- Your instructions
Starting at the line with "thumbnail image 2", copy each line through the last one below exactly as written, without any pictures.

- Data provided

»»

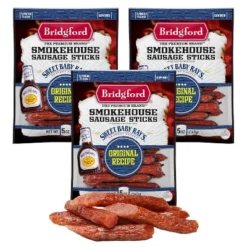Bridgford Sweet Baby Ray’s Smokehouse Sausage Sticks Original 5 Oz - High Protein Smoked Sausage Sticks For Your Dietary Preferences -Food Sale Stores GUEST 1254b038 46c6 4bba ad19 ec9edbb85603
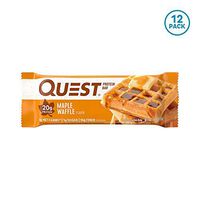 Quest Nutrition Maple Waffle Protein Bar, High Protein, Low Carb, Gluten Free, Keto Friendly, 12 Count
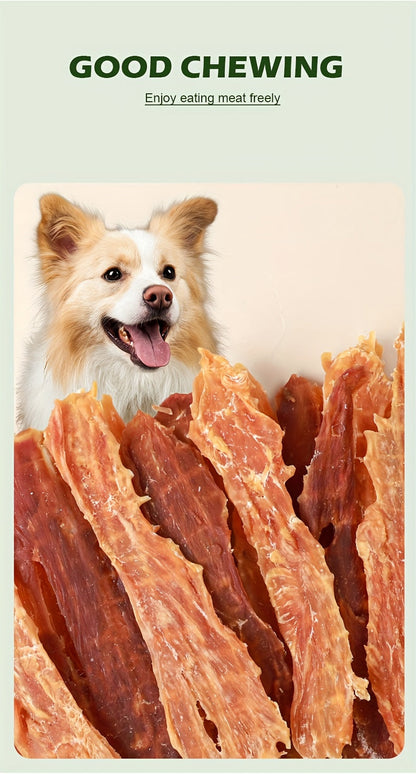 Chicken & Duck Jerky Pet Treats 105g – Grain-Free High Protein Healthy Snacks for Dogs & Cats, Chicken Breast Slices + Duck Jerky Combo, Dental Chews & Training Rewards for Puppies Kittens Adults
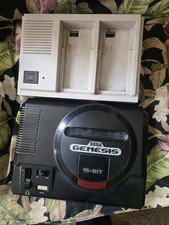 Vintage Sega Genesis And Intellivision Lot Untested For Parts Consoles Only picture
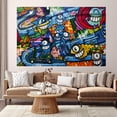 thumbnail image 2 of Idea4wall 3pcs Colorful One-eyed Bacteria Cartoon Printed Stick Wallpaper Removable Wall Murals Large Wall Stickers for Home Decoration, 48"x72", 2 of 5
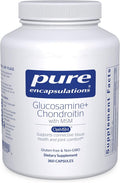 Pure Encapsulations Glucosamine Chondroitin with MSM - Supports Joint Health &amp Normal Cartilage Formation* - Maintains Enzyme Activity - Gluten-Free &amp Non-GMO - 360 Capsules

««

- Answer to this task
 thumbnail image 2 of Idea4wall 3pcs Colorful One-eyed Bacteria Cartoon Printed Stick Wallpaper Removable Wall Murals Large Wall Stickers for Home Decoration, 48"x72", 2 of 5
 Pure Encapsulations Glucosamine Chondroitin with MSM - Supports Joint Health &amp Normal Cartilage Formation* - Maintains Enzyme Activity - Gluten-Free &amp Non-GMO - 360 Capsules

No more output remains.